Task goal> Pull out every line below holding the word "white".

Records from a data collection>
◆ ◆ ◆ ◆

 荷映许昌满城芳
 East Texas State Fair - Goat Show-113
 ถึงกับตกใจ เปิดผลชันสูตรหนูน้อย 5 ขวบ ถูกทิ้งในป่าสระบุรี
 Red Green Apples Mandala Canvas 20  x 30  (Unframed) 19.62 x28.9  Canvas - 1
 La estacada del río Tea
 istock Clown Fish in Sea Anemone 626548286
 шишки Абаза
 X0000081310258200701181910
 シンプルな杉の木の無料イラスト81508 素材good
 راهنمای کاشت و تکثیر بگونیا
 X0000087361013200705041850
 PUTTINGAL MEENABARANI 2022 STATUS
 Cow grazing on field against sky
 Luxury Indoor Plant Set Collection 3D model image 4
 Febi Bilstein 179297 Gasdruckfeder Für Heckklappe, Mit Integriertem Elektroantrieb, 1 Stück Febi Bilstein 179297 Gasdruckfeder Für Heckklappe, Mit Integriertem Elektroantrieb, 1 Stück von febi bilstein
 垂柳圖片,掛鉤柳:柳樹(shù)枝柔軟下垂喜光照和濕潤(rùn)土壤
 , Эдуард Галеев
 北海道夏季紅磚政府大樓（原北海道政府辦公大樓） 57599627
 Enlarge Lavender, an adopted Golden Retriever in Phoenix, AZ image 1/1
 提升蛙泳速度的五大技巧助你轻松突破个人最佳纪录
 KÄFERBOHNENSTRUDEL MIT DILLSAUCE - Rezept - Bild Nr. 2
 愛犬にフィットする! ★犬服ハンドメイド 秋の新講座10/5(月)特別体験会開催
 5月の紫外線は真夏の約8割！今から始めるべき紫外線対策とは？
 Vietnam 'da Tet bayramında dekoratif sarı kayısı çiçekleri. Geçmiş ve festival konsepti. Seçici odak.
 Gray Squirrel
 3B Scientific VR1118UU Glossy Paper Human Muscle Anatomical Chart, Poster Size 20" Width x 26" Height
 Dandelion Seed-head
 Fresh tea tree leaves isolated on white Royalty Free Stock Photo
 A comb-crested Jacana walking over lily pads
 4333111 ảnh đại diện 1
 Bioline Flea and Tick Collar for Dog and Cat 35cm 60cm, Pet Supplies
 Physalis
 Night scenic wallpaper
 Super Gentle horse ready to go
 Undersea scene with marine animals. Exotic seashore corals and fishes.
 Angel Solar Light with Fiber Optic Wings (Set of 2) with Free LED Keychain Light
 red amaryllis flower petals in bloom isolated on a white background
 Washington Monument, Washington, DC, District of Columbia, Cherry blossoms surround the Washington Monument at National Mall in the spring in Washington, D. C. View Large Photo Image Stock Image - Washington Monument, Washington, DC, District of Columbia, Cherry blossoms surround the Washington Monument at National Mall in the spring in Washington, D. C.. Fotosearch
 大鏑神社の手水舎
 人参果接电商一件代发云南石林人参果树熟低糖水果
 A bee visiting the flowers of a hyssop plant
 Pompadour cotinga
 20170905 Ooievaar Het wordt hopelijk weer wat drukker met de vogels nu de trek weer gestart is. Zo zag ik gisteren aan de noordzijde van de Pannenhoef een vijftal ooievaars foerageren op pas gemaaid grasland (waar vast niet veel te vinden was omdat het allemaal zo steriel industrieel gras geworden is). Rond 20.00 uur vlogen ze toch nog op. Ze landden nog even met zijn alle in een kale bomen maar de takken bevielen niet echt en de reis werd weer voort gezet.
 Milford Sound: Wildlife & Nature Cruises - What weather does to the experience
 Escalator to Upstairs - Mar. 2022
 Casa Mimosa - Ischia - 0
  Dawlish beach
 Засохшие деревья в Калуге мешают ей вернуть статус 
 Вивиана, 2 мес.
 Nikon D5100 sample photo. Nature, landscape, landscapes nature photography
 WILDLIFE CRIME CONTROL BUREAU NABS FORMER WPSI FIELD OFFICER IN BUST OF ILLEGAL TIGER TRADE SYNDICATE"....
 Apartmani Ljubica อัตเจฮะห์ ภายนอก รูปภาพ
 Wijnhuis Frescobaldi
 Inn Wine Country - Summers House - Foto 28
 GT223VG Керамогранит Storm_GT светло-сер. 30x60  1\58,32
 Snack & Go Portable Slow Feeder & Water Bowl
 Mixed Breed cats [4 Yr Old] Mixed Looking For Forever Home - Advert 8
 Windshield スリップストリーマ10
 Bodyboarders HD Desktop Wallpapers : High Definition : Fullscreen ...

◆ ◆ ◆ ◆

Response to the exercise>
 Fresh tea tree leaves isolated on white Royalty Free Stock Photo
 red amaryllis flower petals in bloom isolated on a white background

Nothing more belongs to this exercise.